The barriers to change have shifted from technology demonstration and awareness raising, to delivering at unprecedented pace across the whole economy in all countries. This requires consistent political support for fundamental changes to virtually every public and private institution: from infrastructure and planning to professional bodies and financial markets.
As countries implement more ambitious climate policies and protect their citizens from the impacts of climate change, a key lesson is they must keep their public on side.
Recent political pushback against climate policies in Germany on banning fossil boilers, the Netherlands on agriculture reforms, and the UK on Electric Vehicles and road user charges has shown that climate policies can quickly become politicised and caught up in “culture wars”. It has also revealed that not enough has been done to create an explicit climate “social contract” where citizens feel that the costs and benefits of change are distributed fairly.

A new role for cities
Cities have traditionally seen their role in the climate transition as being where the rubber hits the road: where policy intent meets practical action.
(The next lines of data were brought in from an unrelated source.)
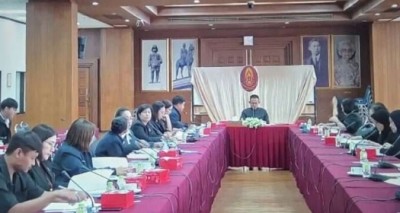 สมาคมคนพิการทางการเคลื่อนไหวสากล ร่วมประชุมเตรียมจัดงาน “วันคนพิการ ครั้งที่ 56” ผ่านสื่ออิเล็กทรอนิกส์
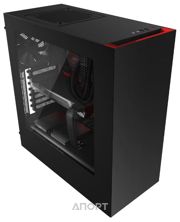 Фото NZXT S340 Black-Red Фото NZXT S340 Black-Red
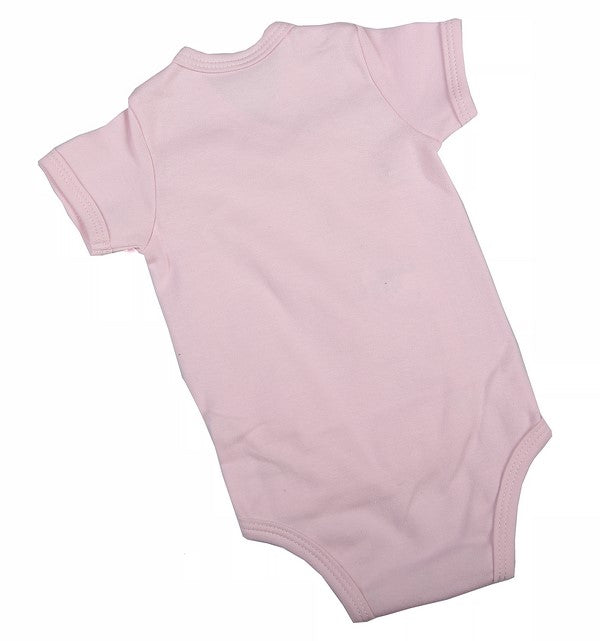 Cross-over Baby Onesie short sleeve - Little Lumps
Cities generate 80% of global GDP as well as more than 70% of global CO2 emissions. They are home to more than half the world’s population and key to solving the climate crisis and protecting people from its impacts. They can show that moving faster is not just possible, but aspirational and popular. Key to this is building the political foundations for delivery by mobilising all of society in support of key structural and lifestyle changes needed.
Since 2019, London has been pioneering work on these issues through London Climate Action Week (LCAW), now the largest climate festival in Europe attracting over 45,000 people every year.
The London model
Established by the Mayor of London and E3G, an independent thinktank, London Climate Action Week emerged from consultations with hundreds of stakeholders. It is designed to be more than merely a celebration of success or showcasing of ideas. Important as these are, its core concept was to harness London’s unique assets to accelerate global climate action.
London is a global city of 9 million people with over 250,000 green jobs, mainly in professional services. It is a global hub for the insurance industry, legal services, cleantech innovation, major engineering and infrastructure consultancies, multiple international charities, and four world-leading universities, with Oxford and Cambridge close by.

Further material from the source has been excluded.